Whatever the cause, thyroid hormones must be supplemented by medicine to ensure fetal wellbeing. Most cases of hypothyroidism in pregnancy are mild, may not need treatment and may even be asymptomatic, often mimicking the normal discomforts or minor ailments of pregnancy. For example:
Extreme tiredness
Sensitivity to cold
Muscle cramps
Severe constipation
Problems with memory or concentration.
(NIDDK 2017)
If severe cases are left untreated, however, then outcomes such as pre-eclampsia, miscarriage or stillbirth become more likely (Singh & Sandhu 2023).
Most patients with hypothyroidism will have their thyroid hormone levels checked every 4 to 6 weeks for the first 20 weeks of pregnancy, and at least once around 30 weeks gestation to ensure optimal dosage of medication (Singh & Sandhu 2023).
Caring for People with Thyroid Disorders in Pregnancy
Maintaining thyroid hormone levels within the normal range is essential for a healthy pregnancy, and as thyroid disorders are relatively common in females of childbearing age, midwives need to be aware of the implications that both an underactive and overactive thyroid can have on the pregnancy. Ideally, this involves interprofessional teamwork, in which the midwife plays a central role, liaising with the patient’s general practitioner, endocrinologist and obstetrician (Hyer 2018).
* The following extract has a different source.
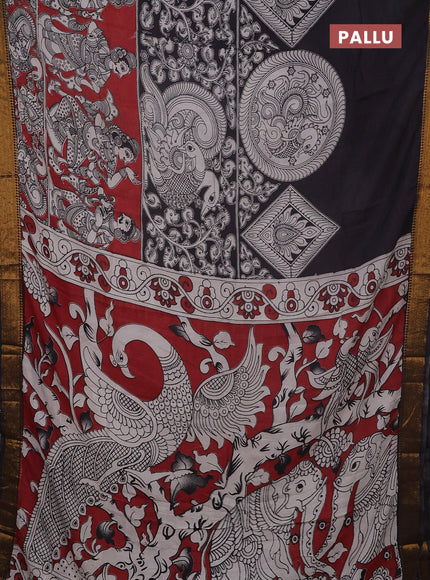Kalamkari semi silk saree rust shade and black with allover prints and mangalgiri border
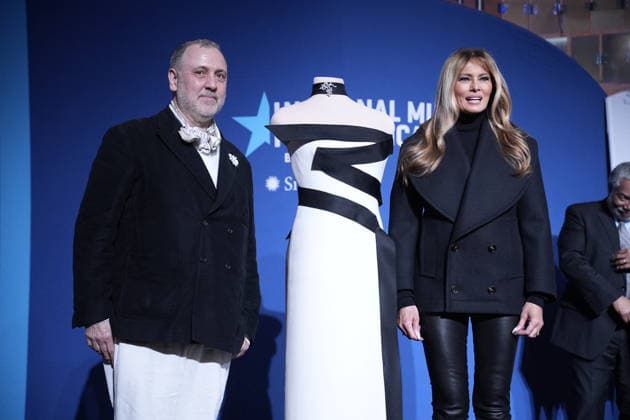 Melania Trump presents her Inaugural Gown - Washington US First Lady Melania Trump presents her 2025 inaugural gown to the Smithsonian First Ladies Collection at the National Museum of American History in Washington on February 20, 2026. The gown, designed by French American fashion and costume designer Herve Pierre, was worn by the First Lady during the 2025 inaugural balls. Photo by Yuri Gripas ABACAPRESS.COM Washington DC United States  Copyright: xGripasxYuri ABACAx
Most people recover their regular thyroid function soon after delivery. However, as many as 1 in 20 continue to experience persistent irregular thyroid activity, known as postpartum thyroiditis (Pregnancy, Birth and Baby 2023).
Conclusion
Pregnancy can be a challenging time for people with thyroid disease. Without adequate monitoring and intervention when needed, the development of the fetal nervous system can be impaired, and the pregnancy may be put in jeopardy.
This is why, if opportunity allows, thyroid hormone levels should always be checked before conception, and patients should be advised about the importance of maintaining normal thyroid hormone levels before getting pregnant.
For many patients, these simple screening and treatment measures can go a long way in minimising pregnancy loss and avoiding many of the minor ailments of pregnancy.